Record extracts

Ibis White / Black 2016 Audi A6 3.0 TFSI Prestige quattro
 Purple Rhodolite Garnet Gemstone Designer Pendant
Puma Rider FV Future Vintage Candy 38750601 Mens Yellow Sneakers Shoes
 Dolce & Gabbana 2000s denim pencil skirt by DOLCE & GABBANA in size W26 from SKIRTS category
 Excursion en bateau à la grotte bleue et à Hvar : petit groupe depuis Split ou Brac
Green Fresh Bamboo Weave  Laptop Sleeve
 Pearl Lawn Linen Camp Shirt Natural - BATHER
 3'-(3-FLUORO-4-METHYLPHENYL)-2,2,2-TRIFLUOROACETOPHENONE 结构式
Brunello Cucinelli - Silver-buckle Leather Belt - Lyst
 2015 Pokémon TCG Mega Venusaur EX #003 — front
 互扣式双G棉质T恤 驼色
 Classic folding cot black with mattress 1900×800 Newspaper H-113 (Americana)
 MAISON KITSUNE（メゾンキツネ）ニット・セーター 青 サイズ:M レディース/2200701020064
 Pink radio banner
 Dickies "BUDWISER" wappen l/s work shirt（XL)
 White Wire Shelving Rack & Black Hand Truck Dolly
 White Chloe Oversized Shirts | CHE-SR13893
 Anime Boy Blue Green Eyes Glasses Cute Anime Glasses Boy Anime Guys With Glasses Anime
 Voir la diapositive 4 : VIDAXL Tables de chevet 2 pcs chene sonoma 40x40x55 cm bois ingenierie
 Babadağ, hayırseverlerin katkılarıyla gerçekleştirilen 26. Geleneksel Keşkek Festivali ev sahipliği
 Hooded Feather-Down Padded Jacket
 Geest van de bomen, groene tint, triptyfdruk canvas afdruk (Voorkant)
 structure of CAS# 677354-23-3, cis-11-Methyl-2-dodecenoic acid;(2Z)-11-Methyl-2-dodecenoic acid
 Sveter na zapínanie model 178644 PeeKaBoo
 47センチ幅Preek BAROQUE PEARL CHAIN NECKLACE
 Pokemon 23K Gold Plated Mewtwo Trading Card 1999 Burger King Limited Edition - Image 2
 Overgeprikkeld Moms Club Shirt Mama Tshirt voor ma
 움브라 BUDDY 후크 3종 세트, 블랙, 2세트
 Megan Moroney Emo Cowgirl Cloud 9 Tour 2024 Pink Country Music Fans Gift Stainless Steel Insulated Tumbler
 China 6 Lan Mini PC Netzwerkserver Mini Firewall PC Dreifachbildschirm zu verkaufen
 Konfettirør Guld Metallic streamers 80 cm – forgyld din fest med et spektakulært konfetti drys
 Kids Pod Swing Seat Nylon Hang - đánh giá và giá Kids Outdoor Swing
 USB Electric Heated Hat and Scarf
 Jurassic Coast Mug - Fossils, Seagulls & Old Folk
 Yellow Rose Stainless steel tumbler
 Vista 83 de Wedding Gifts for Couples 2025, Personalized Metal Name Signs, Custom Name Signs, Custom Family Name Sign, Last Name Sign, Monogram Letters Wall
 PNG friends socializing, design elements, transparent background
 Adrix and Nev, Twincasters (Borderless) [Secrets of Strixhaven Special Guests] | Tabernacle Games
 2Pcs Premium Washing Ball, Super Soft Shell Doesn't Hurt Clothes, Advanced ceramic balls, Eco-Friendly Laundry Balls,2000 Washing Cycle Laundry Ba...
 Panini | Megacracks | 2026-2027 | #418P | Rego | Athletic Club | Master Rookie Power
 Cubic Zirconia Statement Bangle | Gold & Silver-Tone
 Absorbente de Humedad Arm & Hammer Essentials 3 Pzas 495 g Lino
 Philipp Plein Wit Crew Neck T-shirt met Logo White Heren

Exercise directions
Work out how many lines contain the word "White" in the records, and answer with the number only.

Exercise answer
4